Nano Banana 2 runs on Google's Gemini 3.1 Flash Image foundation, with fixed per-image pricing tied to resolution and optional add-ons for web search and high thinking.
However, both AI image models produce best-in-class text rendering and photorealistic output, as I was able to test out, with dedicated image editing endpoints on each.
What's the resolution ceiling on GPT Image 2 and Nano Banana 2?
GPT Image 2 supports flexible resolutions up to 3840px on the longest edge with both dimensions as multiples of 16, total pixels between 655,360 and 8,294,400, and a max aspect ratio of 3:1.
Custom {width, height} is supported alongside the 6 preset names.
Nano Banana 2 offers four discrete resolution tiers (0.5K, 1K, 2K, 4K) and 14 aspect ratio presets plus auto, including extreme ratios from 4:1 to 8:1.
How does image editing work on GPT Image 2 and Nano Banana 2?

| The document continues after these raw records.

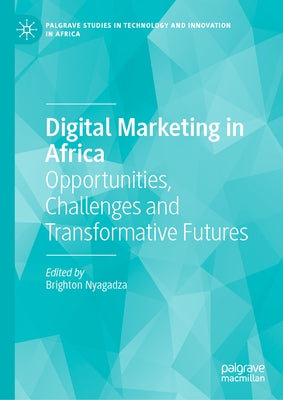 Digital Marketing in Africa: Opportunities, Challenges and Transformative Futures by Nyagadza, Brighton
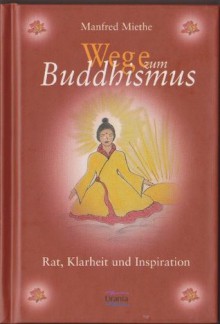 Buddhismus für Einsteiger (Wege zum Buddhismus) (German Edition) - Manfred Miethe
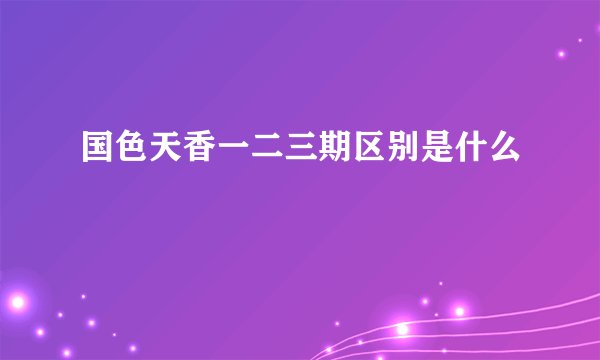 国色天香一二三期区别是什么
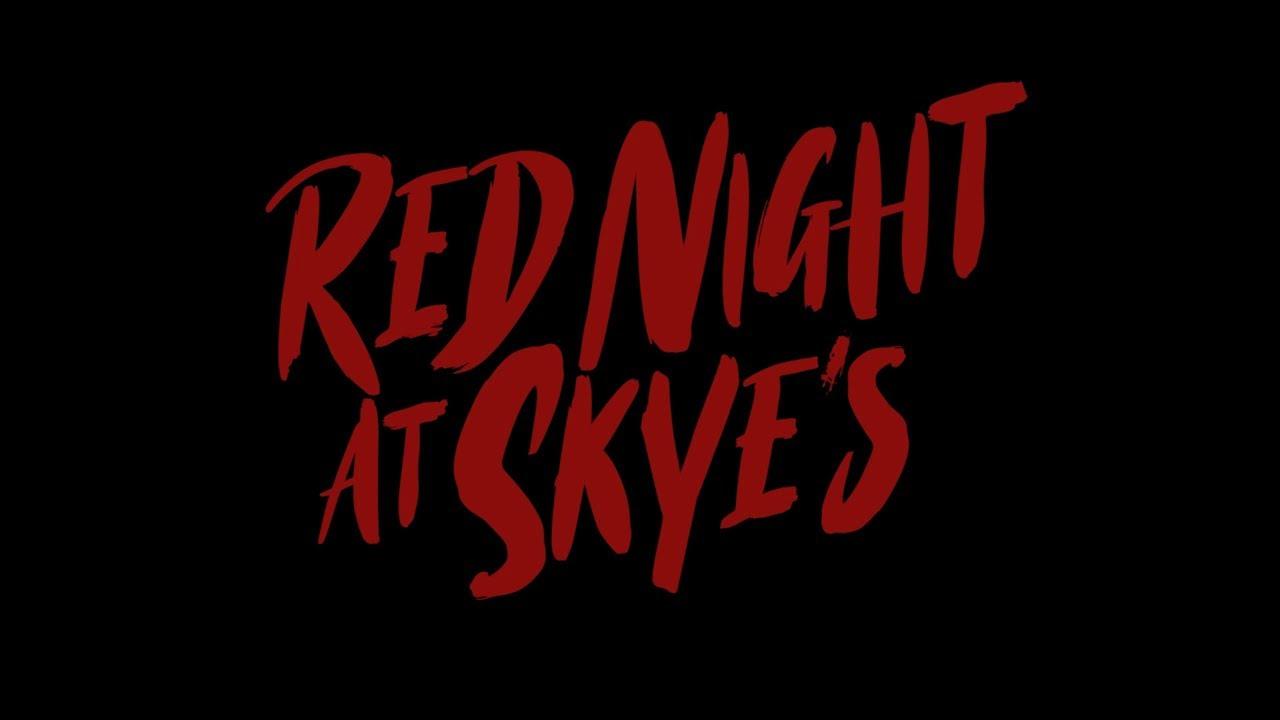 Red Night at Skye's Trailer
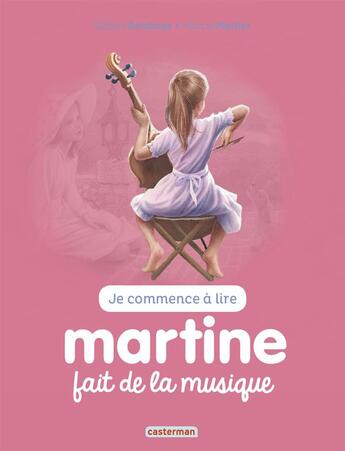 Couverture du livre « Martine fait de la musique » de Delahaye Gilbert et Marlier Marcel aux éditions Casterman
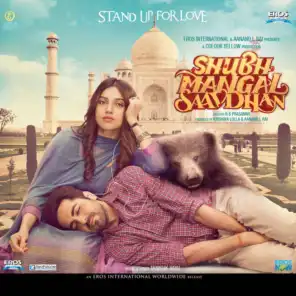 Shubh Mangal Saavdhan (Original Motion Picture Soundtrack)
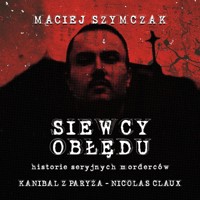 KANIBAL Z PARYŻA - Nicolas Claux - Maciej Szymczak - audiobook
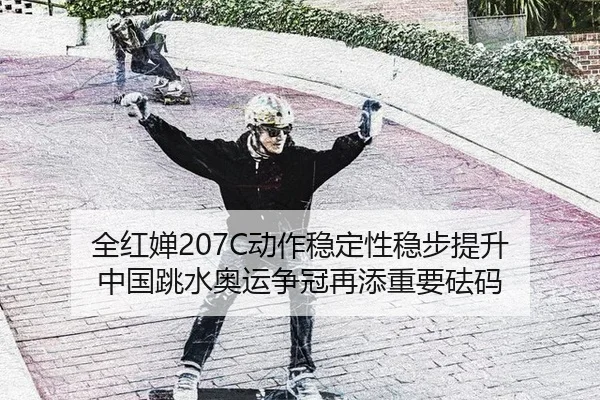 全红婵207C动作稳定性稳步提升 中国跳水奥运争冠再添重要砝码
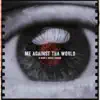 Me Against Tha World (feat. Mista Doesha) - Single album lyrics, reviews, download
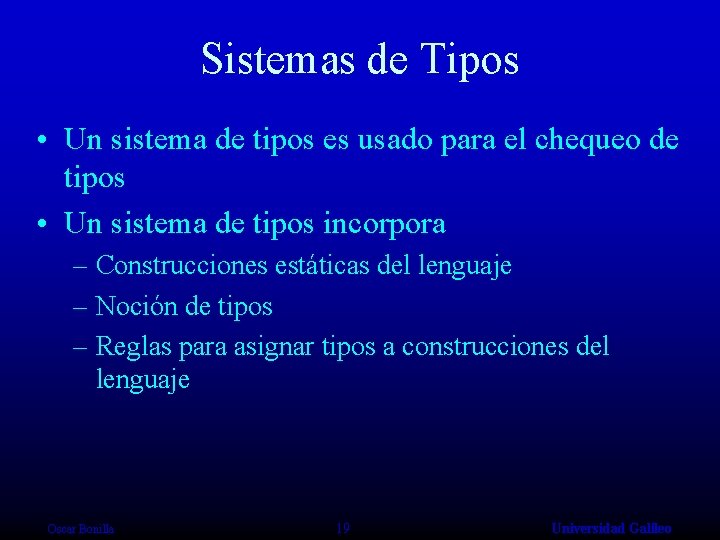 Sistemas de Tipos • Un sistema de tipos es usado para el chequeo de
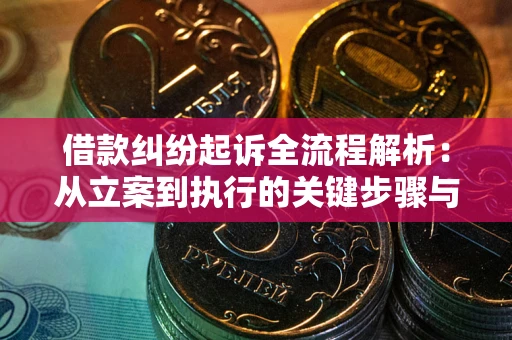 北京借款纠纷起诉全流程解析：从立案到执行的关键步骤与防败诉指南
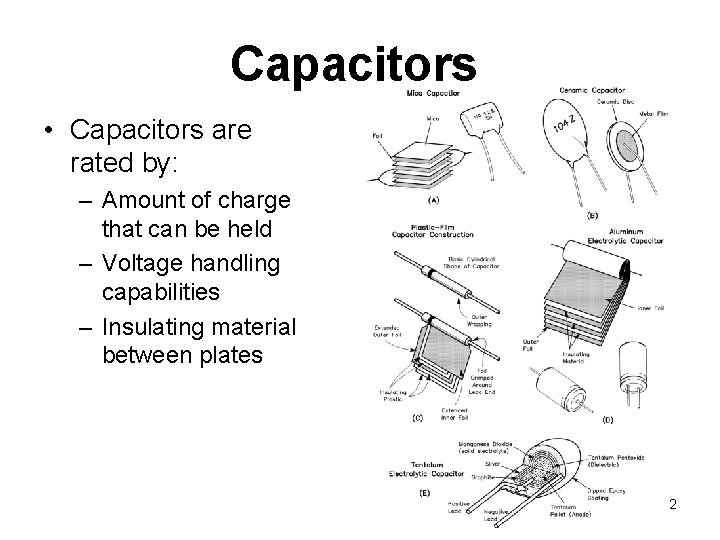Capacitors • Capacitors are rated by: – Amount of charge that can be held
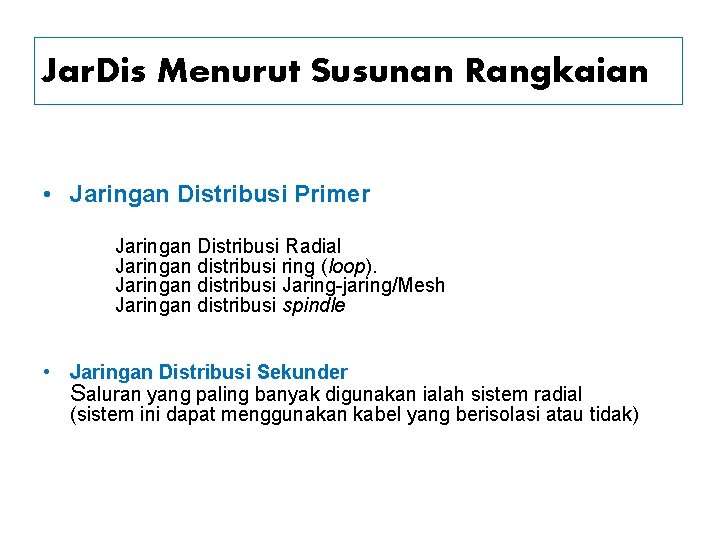 Jar. Dis Menurut Susunan Rangkaian • Jaringan Distribusi Primer Jaringan Distribusi Radial Jaringan distribusi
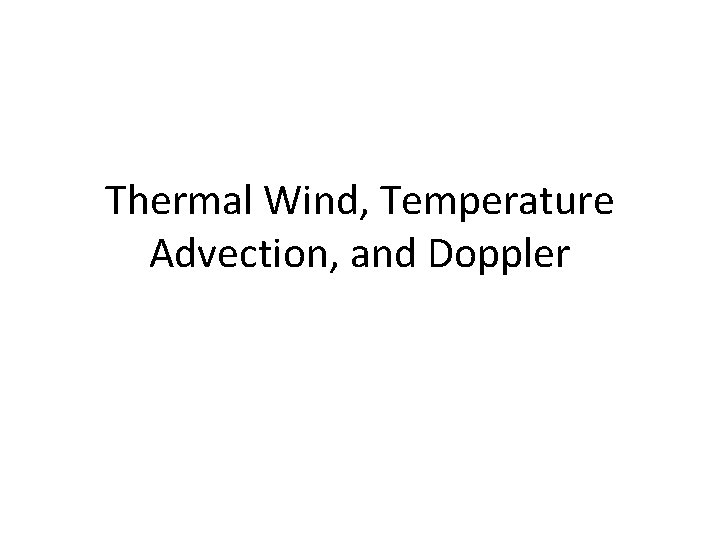 Thermal Wind, Temperature Advection, and Doppler 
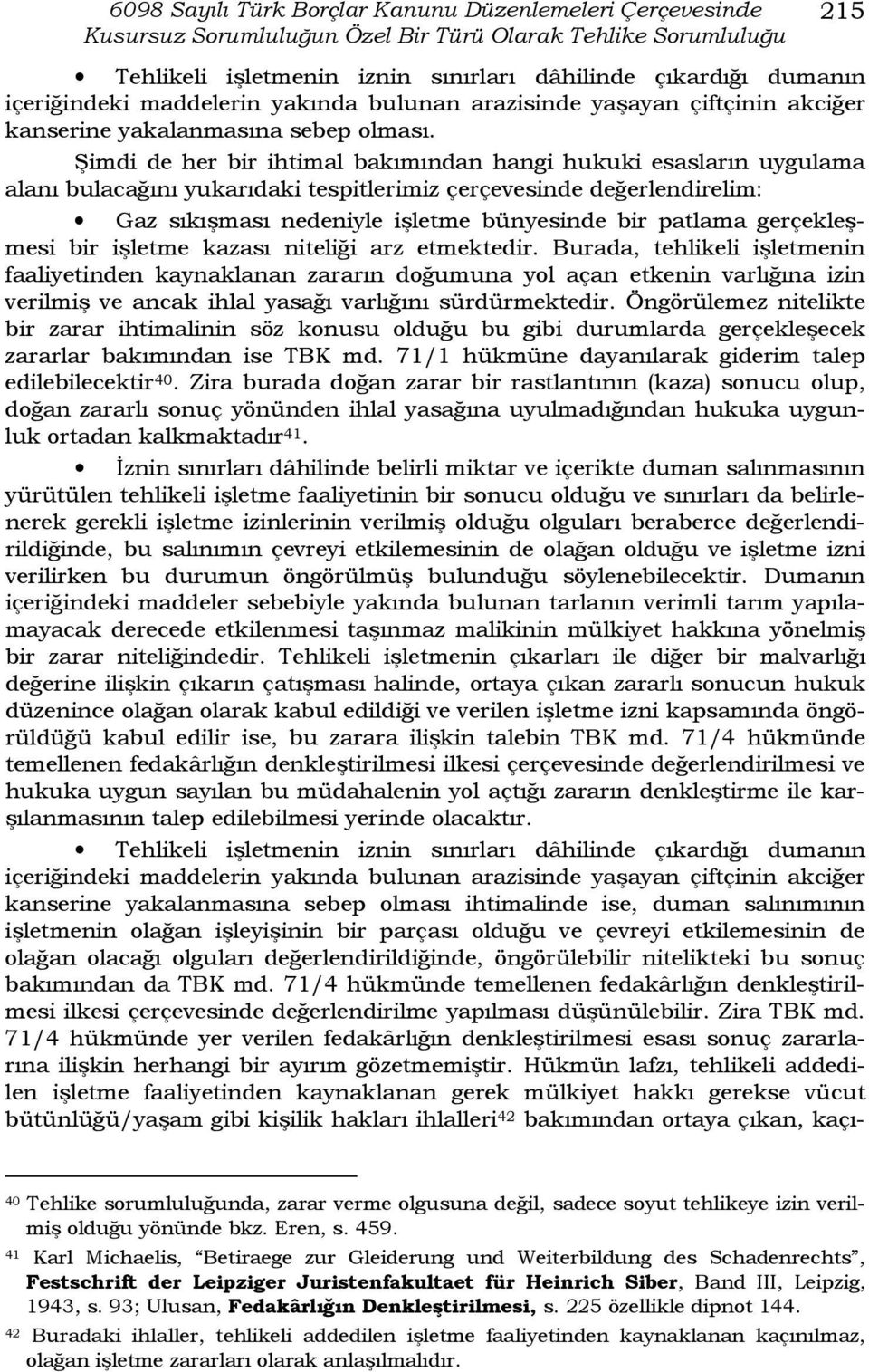 Şimdi de her bir ihtimal bakımından hangi hukuki esasların uygulama alanı bulacağını yukarıdaki tespitlerimiz çerçevesinde değerlendirelim: Gaz sıkışması nedeniyle işletme bünyesinde bir patlama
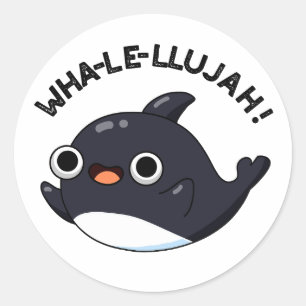 Pegatina Redonda Wha-le-llujah Funny Orca Whale Pun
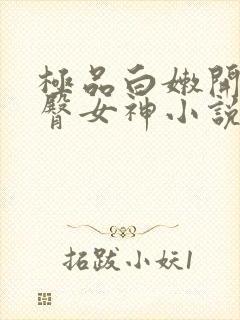 极品白嫩开裆翘臀女神小说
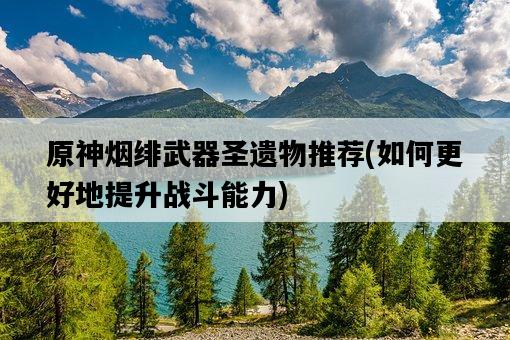原神煙緋武器圣遺物推薦，如何更好地提升戰斗能力-圖1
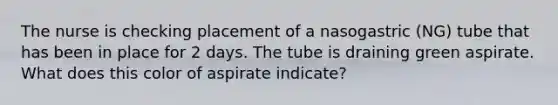 The nurse is checking placement of a nasogastric (NG) tube that has been in place for 2 days. The tube is draining green aspirate. What does this color of aspirate indicate?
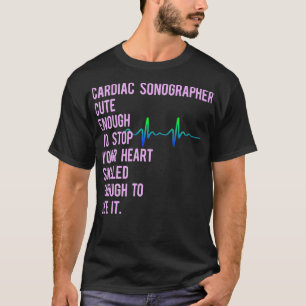 T-shirt Cardiac Sonographe Echo Tech Educates RDCS Premiu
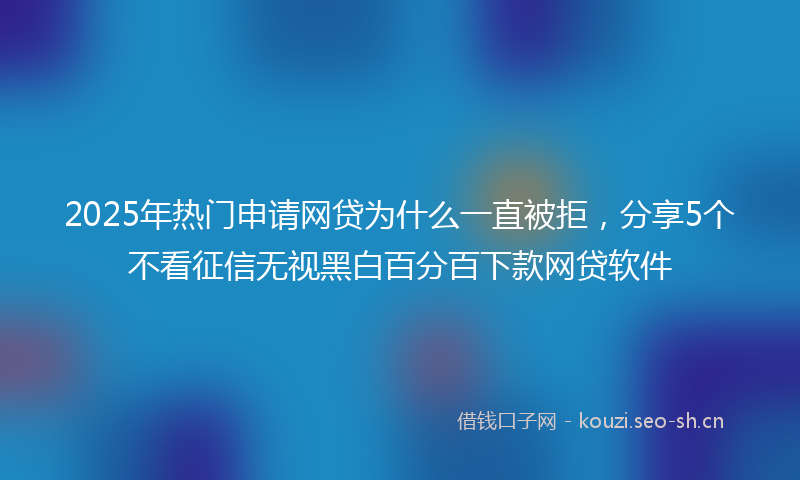 2025年热门申请网贷为什么一直被拒，分享5个不看征信无视黑白百分百下款网贷软件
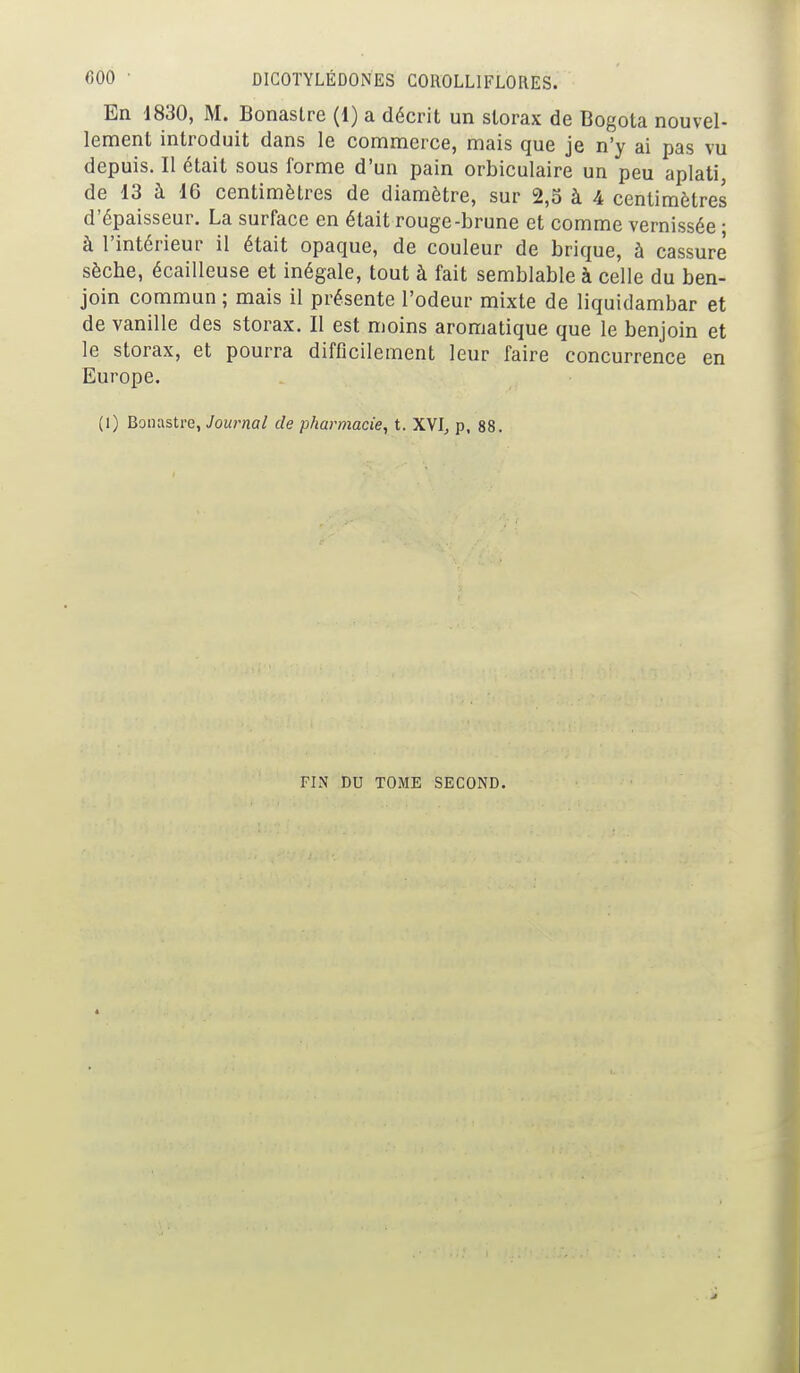 En 1830, M. Bonastre (1) a décrit un slorax de Bogota nouvel- lement introduit dans le commerce, mais que je n'y ai pas vu depuis. Il était sous forme d'un pain orbiculaire un peu aplati, de 13 à 16 centimètres de diamètre, sur 2,5 à 4 centimètres d'épaisseur. La surface en était rouge-brune et comme vernissée • à l'intérieur il était opaque, de couleur de brique, à cassure sèche, écailleuse et inégale, tout à fait semblable à celle du ben- join commun ; mais il présente l'odeur mixte de liquidambar et de vanille des storax. Il est moins aromatique que le benjoin et le storax, et pourra difficilement leur faire concurrence en Europe. (1) Bonastre, Journal de pharmacie, t. XVI, p, 88. FIN DU TOME SECOND.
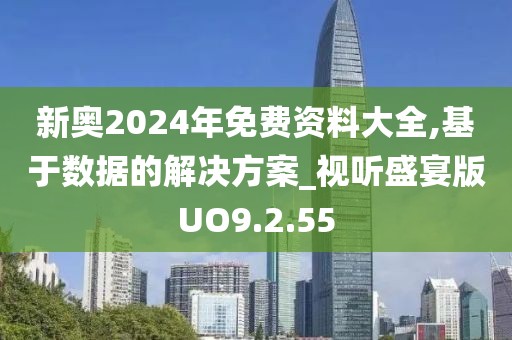 新奥2024年免费资料大全,基于数据的解决方案_视听盛宴版UO9.2.55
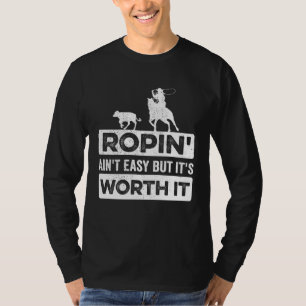 Kalf touwen Touwen is niet makkelijk maar het is h T-shirt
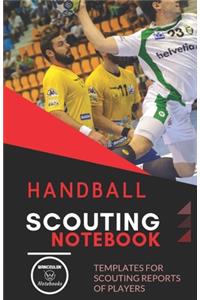 Handball. Scouting Notebook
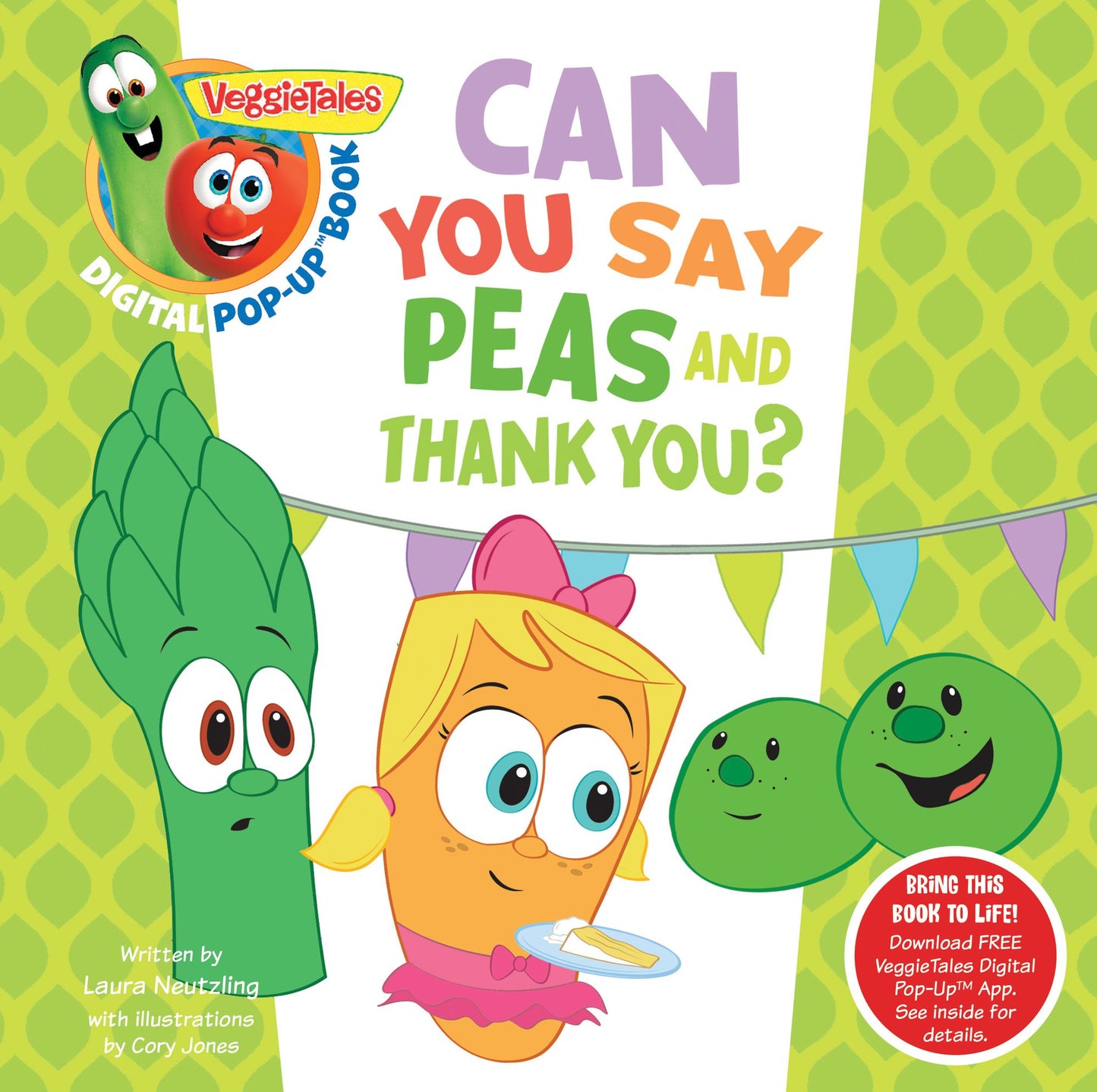Veggietales: Can You Say Peas and Thank You?, a Digital Pop-Up Book (Padded)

GPT Image 2's edit endpoint takes multiple reference images and a natural-language prompt.
The same three quality tiers and resolution rules from the text-to-image endpoint apply, with auto added as a preset option. Streaming is also supported.
Nano Banana 2's edit endpoint takes up to 14 reference images and a natural-language prompt.
The same resolution tiers and optional thinking_level and enable_web_search controls from the text-to-image endpoint apply.
Which model has web search grounding?
Nano Banana 2 exposes enable_web_search and enable_google_search for grounding outputs in real-time web information at $0.015 per generation.
GPT Image 2 on fal does not expose an equivalent on either its text-to-image or editing endpoint.
Can both GPT Image 2 and Nano Banana 2 be used in commercial projects?
Yes. Output from both GPT Image 2 and Nano Banana 2 on fal can be used in commercial projects.